Since banks require home insurance for a loan, and since working-class and middle-class homeowners are more likely to need a mortgage from a bank to buy a house, the subsequent result is that working-class and middle-class families are forced to hold insurance policies on their house because they aren't rich enough to actually have a say in the matter. In market research data, this class-based requirement would be represented as an uptick in consumer demand for insurance policies among working-class and middle-class households (figure 1). It would also be represented as a change in the elasticity of demand from elastic to inelastic (figure 2), i.e. consumer "demand" decreases by less than it otherwise would when insurers raise their rates, since homeowners not wealthy enough to buy homes without a mortgage can't choose to drop home insurance when it gets too expensive unless they want the bank to repossess their house. Fully 47% of the insurance industry is controlled by 10 multibillion-dollar corporations, so one can expect that insurance companies would read the market research data.

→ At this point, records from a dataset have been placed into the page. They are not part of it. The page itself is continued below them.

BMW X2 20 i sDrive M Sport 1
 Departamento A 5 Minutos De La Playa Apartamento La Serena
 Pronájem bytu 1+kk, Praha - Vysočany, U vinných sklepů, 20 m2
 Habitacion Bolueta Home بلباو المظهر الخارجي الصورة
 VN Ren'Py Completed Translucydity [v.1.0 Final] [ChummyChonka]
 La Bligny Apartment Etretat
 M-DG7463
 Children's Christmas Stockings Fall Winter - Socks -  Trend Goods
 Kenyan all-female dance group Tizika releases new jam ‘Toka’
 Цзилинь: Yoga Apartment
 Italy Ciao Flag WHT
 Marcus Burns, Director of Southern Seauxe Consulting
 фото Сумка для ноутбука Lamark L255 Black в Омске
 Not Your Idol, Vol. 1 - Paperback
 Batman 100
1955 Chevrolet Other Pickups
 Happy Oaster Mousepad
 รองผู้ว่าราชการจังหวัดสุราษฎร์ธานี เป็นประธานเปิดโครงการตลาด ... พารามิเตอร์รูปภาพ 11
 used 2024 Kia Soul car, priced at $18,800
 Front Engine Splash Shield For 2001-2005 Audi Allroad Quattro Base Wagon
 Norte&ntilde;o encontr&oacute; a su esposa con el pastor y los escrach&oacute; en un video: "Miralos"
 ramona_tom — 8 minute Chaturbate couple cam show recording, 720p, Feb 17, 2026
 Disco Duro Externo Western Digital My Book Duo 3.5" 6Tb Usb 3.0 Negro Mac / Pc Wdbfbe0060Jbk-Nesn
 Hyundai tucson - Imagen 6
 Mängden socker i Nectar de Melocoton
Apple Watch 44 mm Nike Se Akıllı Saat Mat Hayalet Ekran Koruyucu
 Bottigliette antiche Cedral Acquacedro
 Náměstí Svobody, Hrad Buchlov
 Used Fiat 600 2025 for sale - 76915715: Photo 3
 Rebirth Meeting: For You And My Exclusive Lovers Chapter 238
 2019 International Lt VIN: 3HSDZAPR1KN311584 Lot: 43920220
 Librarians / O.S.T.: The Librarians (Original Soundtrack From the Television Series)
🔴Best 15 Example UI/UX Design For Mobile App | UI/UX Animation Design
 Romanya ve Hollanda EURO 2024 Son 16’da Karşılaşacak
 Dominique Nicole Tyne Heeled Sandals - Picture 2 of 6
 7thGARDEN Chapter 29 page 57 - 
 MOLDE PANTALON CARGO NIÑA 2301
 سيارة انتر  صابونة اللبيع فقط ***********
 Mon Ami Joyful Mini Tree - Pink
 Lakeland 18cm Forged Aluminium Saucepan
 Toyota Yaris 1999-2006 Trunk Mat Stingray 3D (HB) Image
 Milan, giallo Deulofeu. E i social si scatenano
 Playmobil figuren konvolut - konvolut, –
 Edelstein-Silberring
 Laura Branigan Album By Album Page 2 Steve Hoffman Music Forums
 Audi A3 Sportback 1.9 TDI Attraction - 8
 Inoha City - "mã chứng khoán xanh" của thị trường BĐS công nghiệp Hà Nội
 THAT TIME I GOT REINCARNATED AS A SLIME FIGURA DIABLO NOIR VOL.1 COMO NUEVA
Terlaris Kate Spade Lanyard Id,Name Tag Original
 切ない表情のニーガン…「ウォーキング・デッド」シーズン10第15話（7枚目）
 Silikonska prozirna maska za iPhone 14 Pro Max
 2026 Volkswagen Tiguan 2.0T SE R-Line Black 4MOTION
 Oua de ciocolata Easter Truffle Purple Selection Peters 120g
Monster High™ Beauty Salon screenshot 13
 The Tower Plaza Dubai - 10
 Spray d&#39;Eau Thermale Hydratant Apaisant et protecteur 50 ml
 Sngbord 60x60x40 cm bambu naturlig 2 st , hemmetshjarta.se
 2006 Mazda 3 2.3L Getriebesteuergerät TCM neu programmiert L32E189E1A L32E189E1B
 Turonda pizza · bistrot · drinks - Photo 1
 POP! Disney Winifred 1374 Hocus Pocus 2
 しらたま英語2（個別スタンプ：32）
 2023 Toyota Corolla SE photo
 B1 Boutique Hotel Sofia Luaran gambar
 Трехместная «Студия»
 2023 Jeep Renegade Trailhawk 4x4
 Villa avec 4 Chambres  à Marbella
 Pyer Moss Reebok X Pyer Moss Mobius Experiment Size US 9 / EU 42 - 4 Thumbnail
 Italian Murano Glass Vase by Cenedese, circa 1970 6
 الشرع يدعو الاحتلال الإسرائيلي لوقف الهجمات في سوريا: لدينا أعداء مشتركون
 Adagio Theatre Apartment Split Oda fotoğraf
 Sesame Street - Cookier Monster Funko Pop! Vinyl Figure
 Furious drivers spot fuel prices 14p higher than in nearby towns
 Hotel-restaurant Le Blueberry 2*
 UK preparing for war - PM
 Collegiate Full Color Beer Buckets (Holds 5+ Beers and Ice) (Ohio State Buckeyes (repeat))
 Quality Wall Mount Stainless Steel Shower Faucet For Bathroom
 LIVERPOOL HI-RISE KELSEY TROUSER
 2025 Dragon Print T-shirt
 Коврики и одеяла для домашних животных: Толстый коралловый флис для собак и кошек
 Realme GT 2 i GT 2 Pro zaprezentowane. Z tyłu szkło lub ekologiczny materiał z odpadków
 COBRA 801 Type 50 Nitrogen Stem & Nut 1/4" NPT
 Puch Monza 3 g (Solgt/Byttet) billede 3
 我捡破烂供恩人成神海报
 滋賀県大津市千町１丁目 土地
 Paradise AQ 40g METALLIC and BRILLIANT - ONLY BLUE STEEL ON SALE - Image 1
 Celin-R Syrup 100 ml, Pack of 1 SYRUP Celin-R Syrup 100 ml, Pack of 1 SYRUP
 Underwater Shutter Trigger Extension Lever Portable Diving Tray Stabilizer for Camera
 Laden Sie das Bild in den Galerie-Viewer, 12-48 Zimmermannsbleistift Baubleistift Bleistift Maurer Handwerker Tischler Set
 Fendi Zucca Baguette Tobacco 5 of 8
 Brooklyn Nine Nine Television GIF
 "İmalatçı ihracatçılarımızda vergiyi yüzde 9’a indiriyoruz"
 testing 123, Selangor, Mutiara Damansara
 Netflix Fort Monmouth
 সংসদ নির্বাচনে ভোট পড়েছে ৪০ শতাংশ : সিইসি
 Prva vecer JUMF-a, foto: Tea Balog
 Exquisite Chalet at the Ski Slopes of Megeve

News Uncovered is legally required to say that none of this proves definitively that insurance companies are actively engaged in widespread price discrimination based on economic class. To even have the means to engage in price discrimination, insurance companies would need to be legally allowed to hike rates even on customers who don't file claims, have collected data on which insured homes are primary homes, and an itemized list of which homeowners have a mortgage. Also, it would need to be visibly present if researchers studied the topic, like it was in the UMass-Dartmouth study. Until the insurance companies can check off all four of those boxes, any allegations of rampant price discrimination would be inherently baseless.